__EXERCISE INPUT__
↓
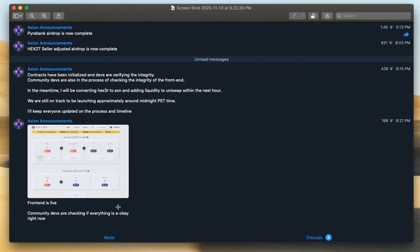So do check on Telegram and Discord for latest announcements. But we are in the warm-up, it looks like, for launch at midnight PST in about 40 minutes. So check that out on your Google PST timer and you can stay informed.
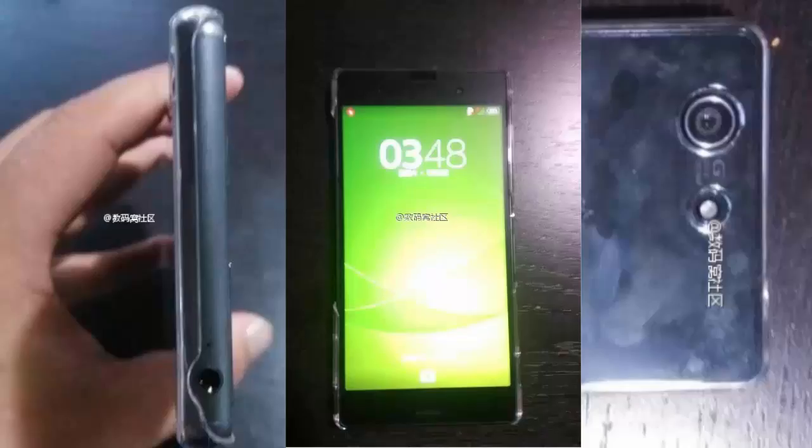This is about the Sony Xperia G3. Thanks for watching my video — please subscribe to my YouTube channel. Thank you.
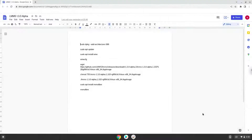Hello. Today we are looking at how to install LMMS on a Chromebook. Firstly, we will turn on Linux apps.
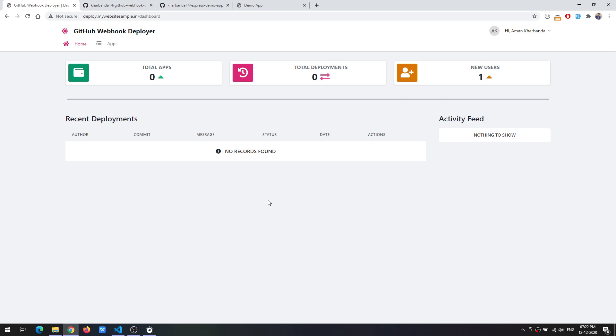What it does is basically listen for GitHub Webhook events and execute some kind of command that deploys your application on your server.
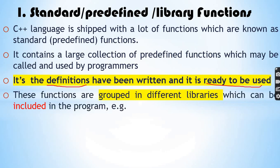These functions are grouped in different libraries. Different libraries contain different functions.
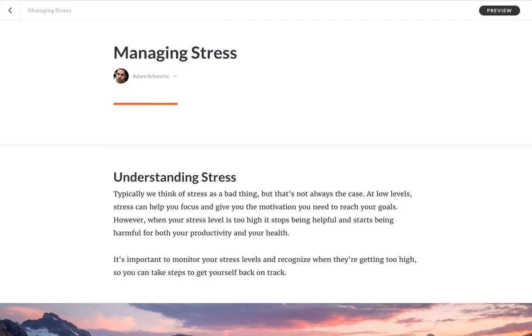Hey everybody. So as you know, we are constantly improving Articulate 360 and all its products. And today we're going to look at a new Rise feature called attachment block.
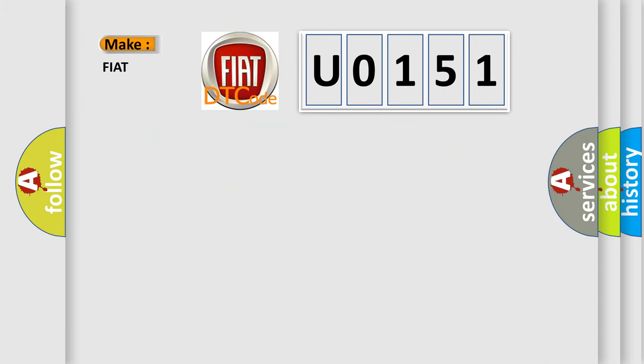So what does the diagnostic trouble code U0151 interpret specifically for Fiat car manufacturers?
↑
__BRIEF__
Retype, word for word, only the lines from the line with "Hey everybody. So" to the final line of the listing above; the pictures do not belong in the copy.

__WRITTEN REPLY__
Hey everybody. So as you know, we are constantly improving Articulate 360 and all its products. And today we're going to look at a new Rise feature called attachment block.
So what does the diagnostic trouble code U0151 interpret specifically for Fiat car manufacturers?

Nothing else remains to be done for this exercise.